Thursday, April 1, 2010

Care for the Demanding

We had a Tom Cat named Boots, he is a roamer, we are not sure where or if he is at this moment.  We also had a stray, Little Bit, who adopted us and had two litters of kittens before she died defending the second set from a pack of stray dogs.  Of her litters of kittens, there is still one that stays around our house.  It is not a domesticated cat, it will not let us come near it and hides when it sees us.  However, this cat expects -- demands -- a bowl of food in the morning, and we feed it.  Admittedly, I get frustrated that this cat, to whom we have given ardent devotion in the form of free shelter and free food does not return that devotion by allowing us to pet or play with it.  This cat is far from its parents -- Boots would let you pick him up and carry him anywhere.  He liked to climb in laps and nap or just be petted.  Little Bit was wild when she came to us, but warmed up to us and would rub against us and came to the point where she would climb up in our laps if we were sitting on a step or on the ground.

This particular offspring of Boots and Little Bit remind me of a passage in Judges 2:7-11.  Here the penman records that as long as Joshua and the elders that were with him remained the people were faithful to God, but as time went on there arose a generation that did not know Joshua or those elders, and did not remember what God had done in delivering the people from Egypt, through the desert, and into a land ready for them.  This group forsook God for idols and did what was right in their own eyes.

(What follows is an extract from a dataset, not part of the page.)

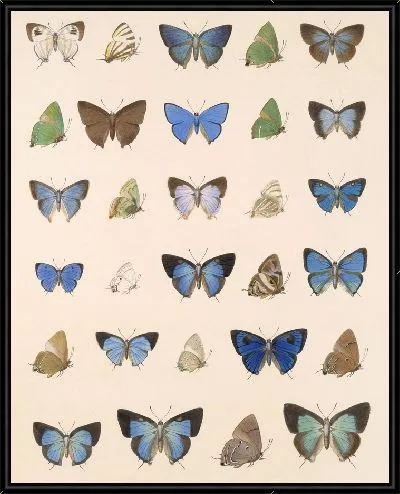 Картина Бабочки Insecta Lepidoptera-Rhopalocera №53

Concerning this propensity of people someone said, "We are always and only ONE GENERATION away from apostasy."  Maybe that is why God told the people in Deut 6:4-9, "Hear, O Israel: The LORD our God, the LORD is one. You shall love the LORD your God with all your heart and with all your soul and with all your might. And these words that I command you today shall be on your heart. You shall teach them diligently to your children, and shall talk of them when you sit in your house, and when you walk by the way, and when you lie down, and when you rise. You shall bind them as a sign on your hand, and they shall be as frontlets between your eyes. You shall write them on the doorposts of your house and on your gates."

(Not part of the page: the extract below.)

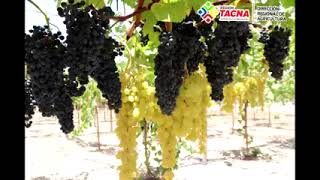 Valle Nuevo: Centro de Producción Frutícola de Tacna en el Distrito Gregorio  Albarracín Lanchipa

Parents we need to teach our children about God and remind them of the blessings that are in Christ.
Parents we must train our children to be godly in their lives while they are young.
Parents we should nurture them (lead them) in the Light.

What do you do to help your children become more and more like Christ?

Scott

1 comment:

Daniel Howell said...

Very Nice! I sometimes worry about my generation. I notice that many of my friends just never were taught the truth in any deep and meaningful way. That goes for the ones who grew up "in the church", too. If only they could realize the importance of Biblical knowledge.